Characteristics in patients

Losartan/hydrochlorothiazide

Plasma concentrations of losartan and its active metabolite, as well as absorption of hydrochlorothiazide, in elderly patients with arterial hypertension do not differ significantly from those observed in younger patients with arterial hypertension.

Losartan.

After oral administration to patients with mild to moderate alcoholic cirrhosis, plasma concentrations of losartan and its active metabolites were approximately 5 and 1.7 times higher, respectively, than in young healthy volunteers.

Pharmacokinetic studies have shown that in healthy male volunteers of Japanese and non-Japanese origin, the area under the concentration-time curve (AUC) of losartan was similar. However, the AUC of the carboxylic acid metabolite (E-3174) differed between the two groups, with exposure in Japanese volunteers being 1.5 times higher than in non-Japanese volunteers. The clinical significance of these findings is unknown.

Losartan and its active metabolite are not removed by hemodialysis.

Clinical characteristics.

Indications.

Treatment of essential hypertension in patients in whom adequate blood pressure control is not achieved with either losartan alone or hydrochlorothiazide alone.

Contraindications.

Hypersensitivity to losartan, sulfonamide derivatives (such as hydrochlorothiazide), or to any excipients.

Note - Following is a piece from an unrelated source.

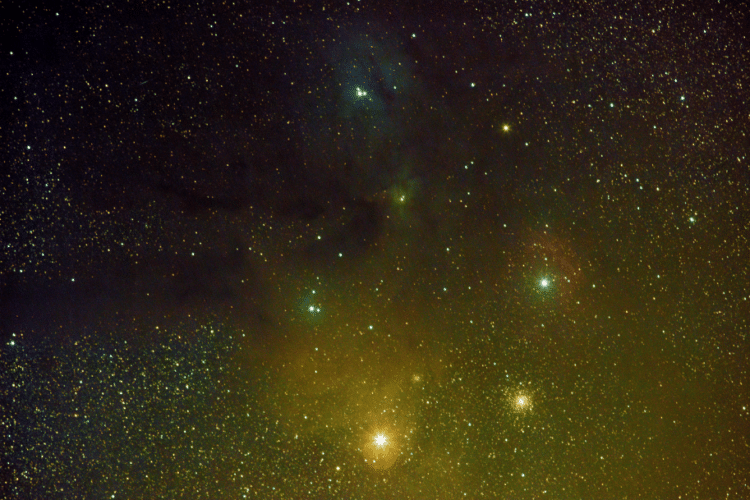 Antares and the Rho Ophiuchi area taken at approximately 48°N over three nights in La Blache, Prove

Severe renal impairment (creatinine clearance < 30 mL/min).

Anuria.

Severe hepatic impairment; cholestasis.

Obstructive biliary disorders.

Therapeutically resistant hypokalemia or hypercalcemia.

Refractory hyponatremia.

Symptomatic hyperuricemia/gout.

Second and third trimesters of pregnancy (see sections "Special precautions for use" and "Use in pregnancy or breastfeeding").

Children.

Concomitant use of the medicinal product with medicinal products containing aliskiren in patients with diabetes mellitus or renal impairment (glomerular filtration rate < 60 mL/min/1.73 m²) (see sections "Pharmacodynamics" and "Interaction with other medicinal products and other forms of interaction").

Interaction with other medicinal products and other forms of interaction.

Losartan

There have been reports that rifampicin and fluconazole reduce the levels of the active metabolite. The clinical consequences of these interactions have not been evaluated.

As with other agents that block the angiotensin II receptors or their effects, concomitant use of potassium-sparing diuretics (e.g., spironolactone, triamterene, amiloride), potassium supplements, potassium-containing salt substitutes, or other drugs that may increase potassium levels (e.g., medicinal products containing trimethoprim) may lead to increased serum potassium levels. Concomitant use is not recommended.

As with other drugs affecting sodium excretion, lithium clearance may be reduced. Therefore, serum lithium levels should be carefully monitored when lithium salts are used concomitantly with angiotensin II receptor antagonists.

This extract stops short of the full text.